How to complete this task
Look through the entries below and extract exactly the lines from the one containing "Le Cafe on St" through the one containing "LezCuties - Netta, Olena", ends included.

Web page caption snippets:
┄┄┄┄┄┄┄┄┄┄┄┄┄┄┄┄┄┄┄┄
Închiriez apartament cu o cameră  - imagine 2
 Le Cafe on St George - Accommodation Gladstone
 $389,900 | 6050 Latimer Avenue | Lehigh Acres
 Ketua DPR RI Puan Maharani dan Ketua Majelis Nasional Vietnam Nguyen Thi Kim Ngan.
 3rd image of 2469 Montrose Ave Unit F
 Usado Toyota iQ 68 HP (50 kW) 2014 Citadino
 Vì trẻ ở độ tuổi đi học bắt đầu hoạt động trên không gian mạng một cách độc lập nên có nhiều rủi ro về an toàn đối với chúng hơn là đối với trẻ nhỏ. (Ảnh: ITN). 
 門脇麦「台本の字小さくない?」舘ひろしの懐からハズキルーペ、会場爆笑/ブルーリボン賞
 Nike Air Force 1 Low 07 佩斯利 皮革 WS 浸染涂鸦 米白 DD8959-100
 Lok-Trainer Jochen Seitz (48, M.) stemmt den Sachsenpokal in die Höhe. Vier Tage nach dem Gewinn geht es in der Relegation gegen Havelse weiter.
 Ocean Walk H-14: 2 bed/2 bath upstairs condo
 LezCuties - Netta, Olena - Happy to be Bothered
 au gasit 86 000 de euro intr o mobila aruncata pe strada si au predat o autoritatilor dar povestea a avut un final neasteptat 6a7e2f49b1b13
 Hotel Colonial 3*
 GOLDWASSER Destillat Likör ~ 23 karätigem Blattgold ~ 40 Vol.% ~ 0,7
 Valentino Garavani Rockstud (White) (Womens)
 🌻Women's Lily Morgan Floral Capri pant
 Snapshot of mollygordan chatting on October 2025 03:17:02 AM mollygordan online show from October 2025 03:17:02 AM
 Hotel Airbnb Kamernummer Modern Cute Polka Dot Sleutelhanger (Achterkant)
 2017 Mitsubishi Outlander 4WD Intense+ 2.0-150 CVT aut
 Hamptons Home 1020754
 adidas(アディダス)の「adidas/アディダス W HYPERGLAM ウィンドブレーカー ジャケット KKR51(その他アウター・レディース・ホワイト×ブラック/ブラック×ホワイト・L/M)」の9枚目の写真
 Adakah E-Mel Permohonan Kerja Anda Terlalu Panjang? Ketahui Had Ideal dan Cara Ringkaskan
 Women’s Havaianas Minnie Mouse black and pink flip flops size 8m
┄┄┄┄┄┄┄┄┄┄┄┄┄┄┄┄┄┄┄┄
Exercise answer
 Le Cafe on St George - Accommodation Gladstone
 $389,900 | 6050 Latimer Avenue | Lehigh Acres
 Ketua DPR RI Puan Maharani dan Ketua Majelis Nasional Vietnam Nguyen Thi Kim Ngan.
 3rd image of 2469 Montrose Ave Unit F
 Usado Toyota iQ 68 HP (50 kW) 2014 Citadino
 Vì trẻ ở độ tuổi đi học bắt đầu hoạt động trên không gian mạng một cách độc lập nên có nhiều rủi ro về an toàn đối với chúng hơn là đối với trẻ nhỏ. (Ảnh: ITN). 
 門脇麦「台本の字小さくない?」舘ひろしの懐からハズキルーペ、会場爆笑/ブルーリボン賞
 Nike Air Force 1 Low 07 佩斯利 皮革 WS 浸染涂鸦 米白 DD8959-100
 Lok-Trainer Jochen Seitz (48, M.) stemmt den Sachsenpokal in die Höhe. Vier Tage nach dem Gewinn geht es in der Relegation gegen Havelse weiter.
 Ocean Walk H-14: 2 bed/2 bath upstairs condo
 LezCuties - Netta, Olena - Happy to be Bothered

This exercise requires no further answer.